▶ **Work task**
The material below holds pictures; leave them out and reproduce exactly the lines from the one with "مراسم بزرگداشت مرحوم" through the one with "31506-43-1 Urea,3-(dimethylamino)propyl- chemical", inclusive.

# # # # #

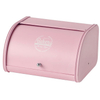 Accessoires de cuisine Design vintage en acier inoxydable Boîte de rangement pour pain mental Boîte de rangement pour boulangerie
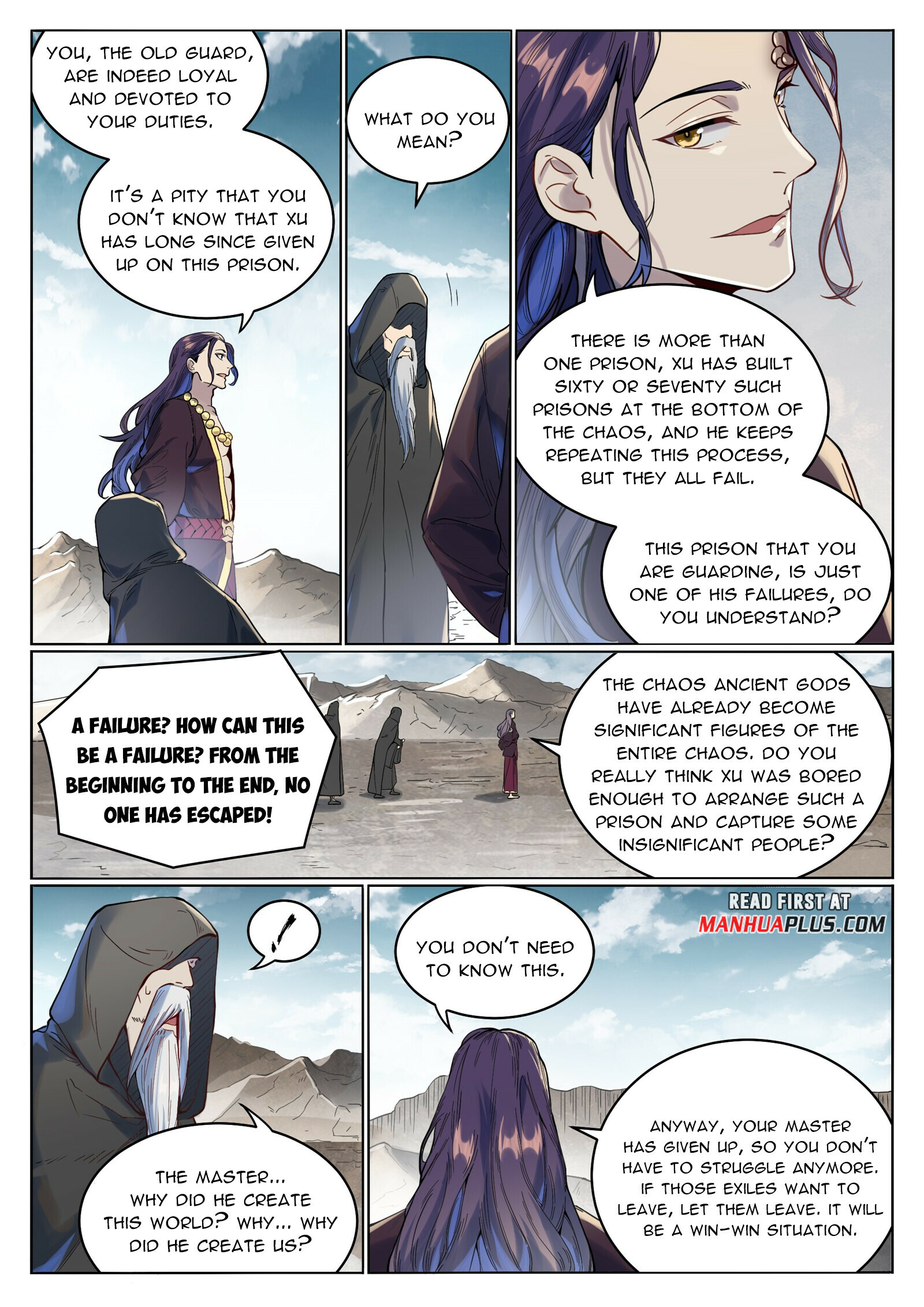 Read Apotheosis EN Manga Online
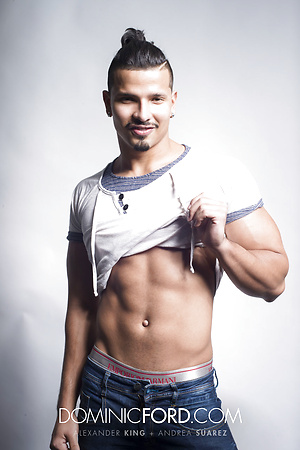 Alexander King and Andrea Suarez by Dominic Ford image 4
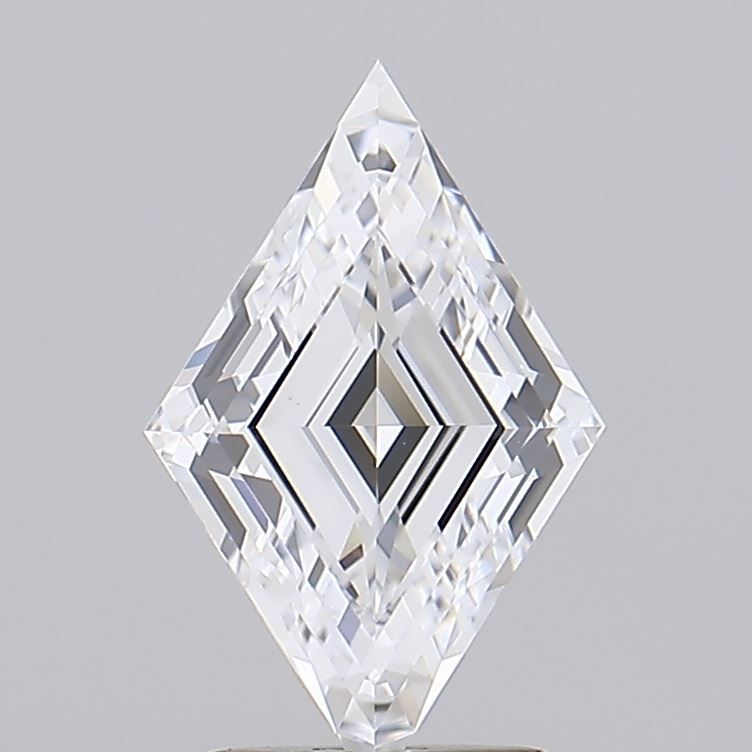 1.25 ct lab-grown Lozenge Diamond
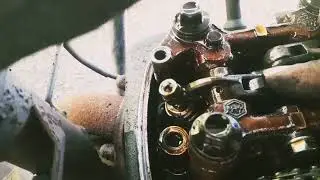 engine සද්දේ ඇයි ? | what is engine bad sound @GarageApi #tappet #rockerarm #bike
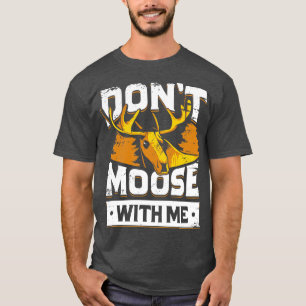 Lustiger Elch Kanada Geschenk T-Shirt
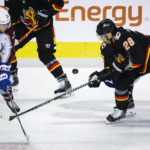 Rantanen, Lehkonen lead Avalanche past Flames 4-1
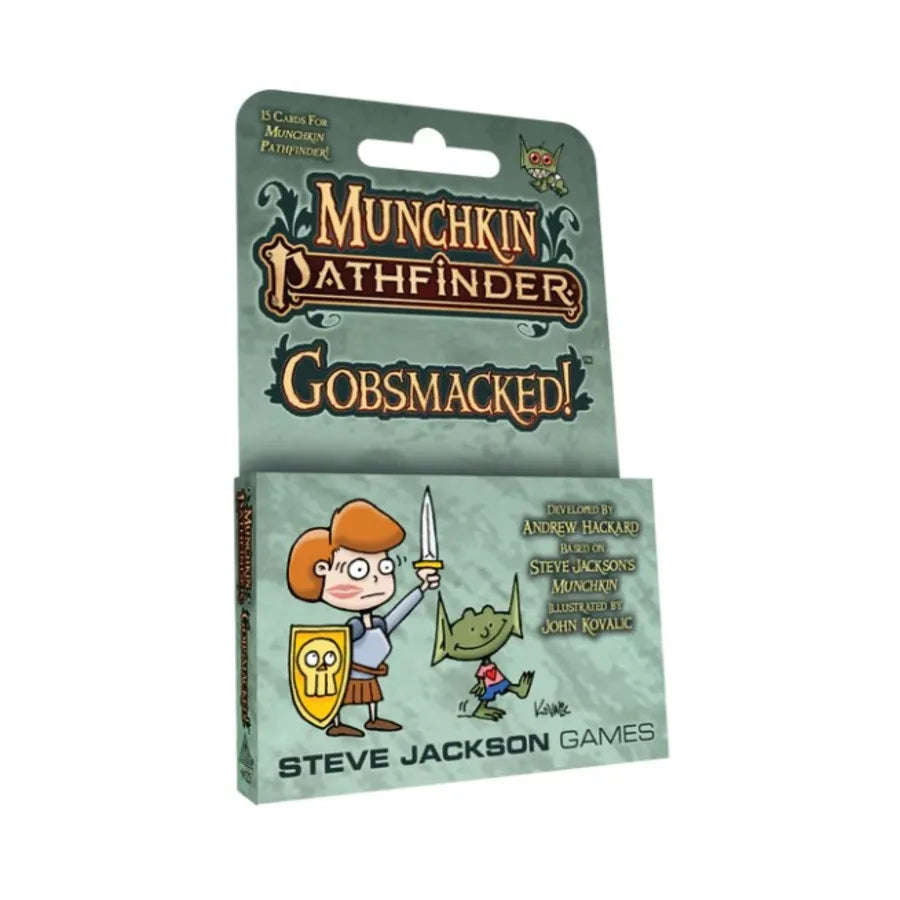 Munchkin Pathfinder - Gobsmacked! product image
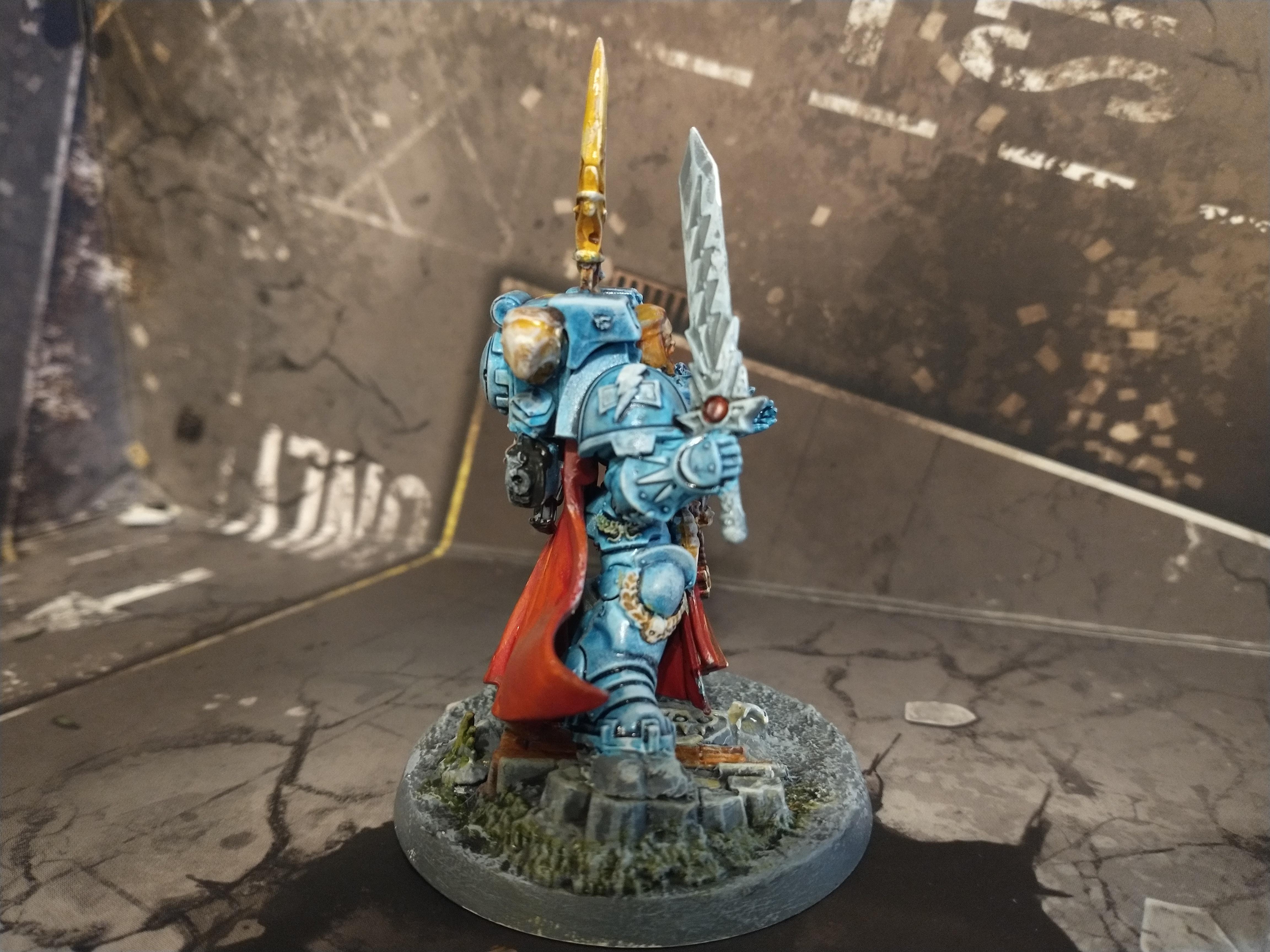 Kitbash, Primaris, Sigmarines, Sigmarite, Space Marines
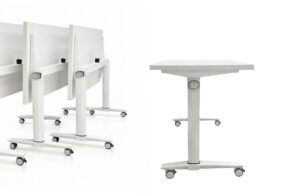 MOB19 - Mesa rodante abatible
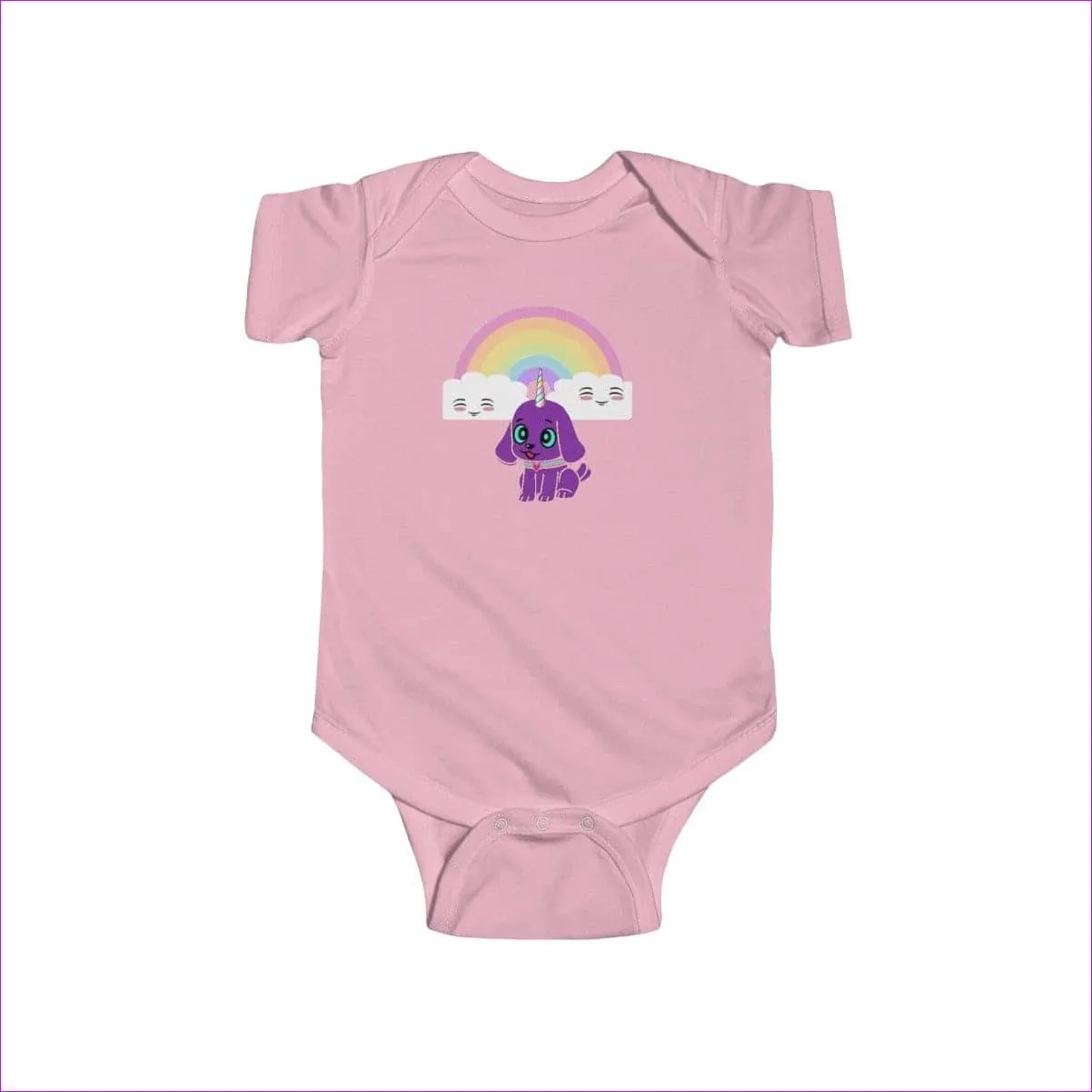 Bec's Uni-Pup Infant Fine Jersey Bodysuit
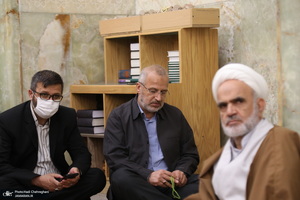 مراسم بزرگداشت مرحوم استاد فاطمی نیا (ره) در قم‎‎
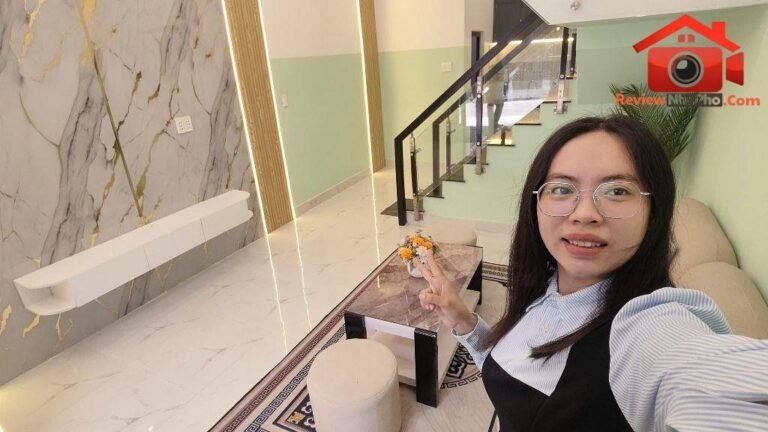 Review nhà phố giá 4.65 tỷ tại Phường Bình Hưng Hòa Quận Bình Tân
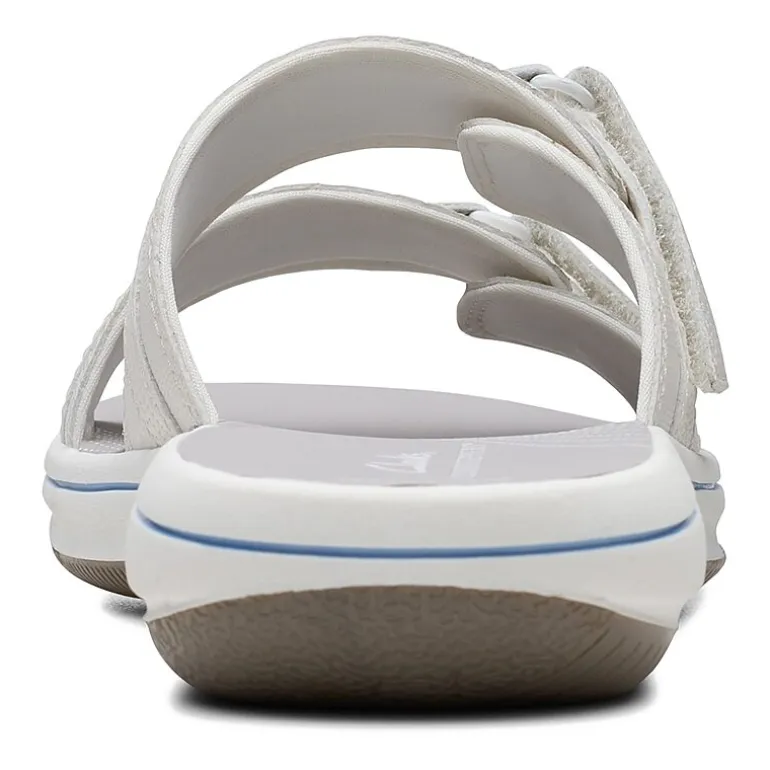 Clarks Cloudsteppers Womens Breeze Piper Slide Sandals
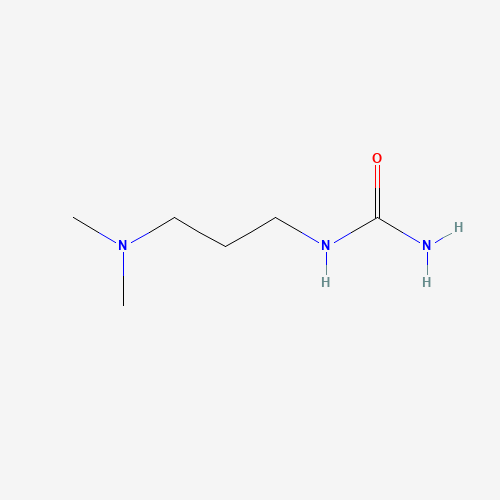 31506-43-1 Urea,3-(dimethylamino)propyl- chemical structure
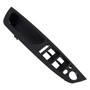 2008-2014 BMW E71/E72 X6 SAV 4pcs Black Inner Door Panel Handle Pull Trim Cover 51416975777 51416969401 51416969402*2 Generic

# # # # #

▶ **Result of this task**
 مراسم بزرگداشت مرحوم استاد فاطمی نیا (ره) در قم‎‎
 Review nhà phố giá 4.65 tỷ tại Phường Bình Hưng Hòa Quận Bình Tân
 Clarks Cloudsteppers Womens Breeze Piper Slide Sandals
 31506-43-1 Urea,3-(dimethylamino)propyl- chemical structure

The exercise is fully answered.